Plays To Consider Summaries Week of Sept 1st

American Eagle Outfitters (NYSE: AEO)

General sentiment, which has historically been positive, has been rather depressed recently due to the brooding rain cloud that is China tariffs and the wider negative sentiment blue chip retailers have been entertaining lately as a whole. Poor price action the past few months has not helped, but correspondingly if earnings presents any hint of upside there could be a decent rally to buck the trend.

Smartsheet Inc (NYSE: SMAR)

General sentiment is trending negative with a sense that the SP is unjustifiably overvalued. Some of the driving factors being that the SP is currently trading at over 20x revenue and that ~150% of the current share float is outstanding.
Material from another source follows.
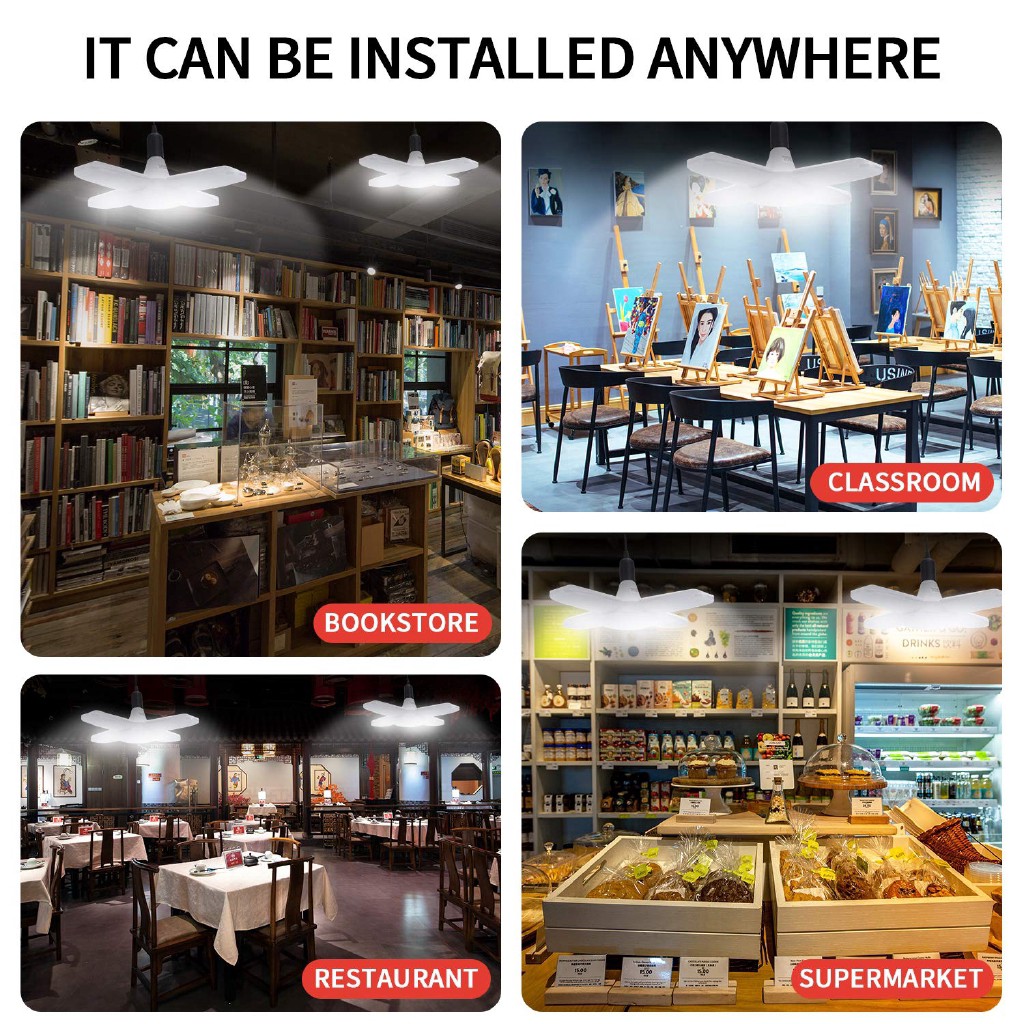 Bóng đèn LED cánh quạt xếp ánh sáng trắng - Bóng đèn led hình 4 cánh quạt 65w siêu sáng - Bảo hành 12 tháng | BigBuy360 - bigbuy360.vn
A recent offering 3 months ago seems to also give credence to continuing dilution fears given the high O/S.

Cloudera Inc (NYSE: CLDR)

General sentiment on Cloudera is optimistically positive, this company more-or-less missed out on the general run-up of its cloud computing peers, and there's a sense that a strong beat in earnings could see a substantial gap up in SP. Volume has also been relatively low coming into earnings which makes it an interesting sleeper play. Additionally, institutional investors have been ramping up their percentage owned this year, especially ICAHN which has made a series of significant purchases since August.

SecureWorks Corp (NASDAQ: SCWX)

General sentiment is currently neutral to negative, volume has dropped off significantly over the past few months and SP has seen a haircut of 50% since Feb. Analysts and influencers alike have all but shunned this stock since 2018, and it has historically been seen as a sluggish contender in terms of growth when put in comparison with its peers in the cyber-security industry.
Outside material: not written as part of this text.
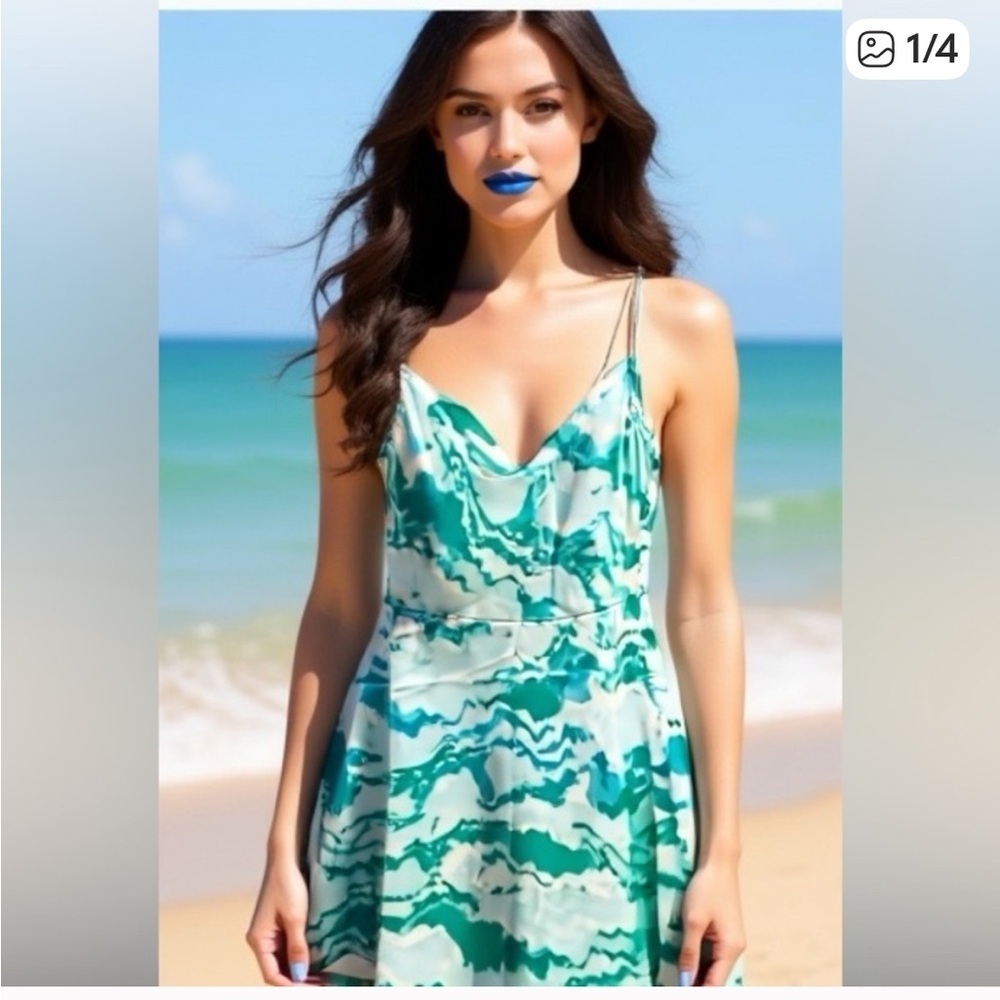 New Elegant Green Patterned sunDress with spaghetti streps size Small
Docusign Inc (NASDAQ: DOCU)

General sentiment has been trending negative but optimistic long-term. Their product-line dominates the market and is almost universally known, but there is frustration that the management is out-of-touch and not living up to the company's fullest potential. Adding to these frustrations is languishing SP this year along with a sharp decline starting late July, and a distinct lack of communication from company chief officers regarding the downward trend or steps being taken to rectify. Even so, a decent earnings beat could see a rebound and potential reversal in trend.

Genesco Inc (NYSE: GCO)

General sentiment has been negative, which is an unsurprising development given the overall downward trend for retailers of the brick-and-mortar variety this year. YTD SP has seen a 20% loss, and high profile insiders have been unloading over a $1M worth of shares consistently for the past two years. One only needs to look at how their net income has been trending to the negative to get an idea as to where this is headed. Iconic shops such as Lids no longer have the same sort of draw they used to, especially with the accelerating domination of e-commerce behemoths such as Amazon, and GCO does not appear to be adapting well to this quickly evolving climate.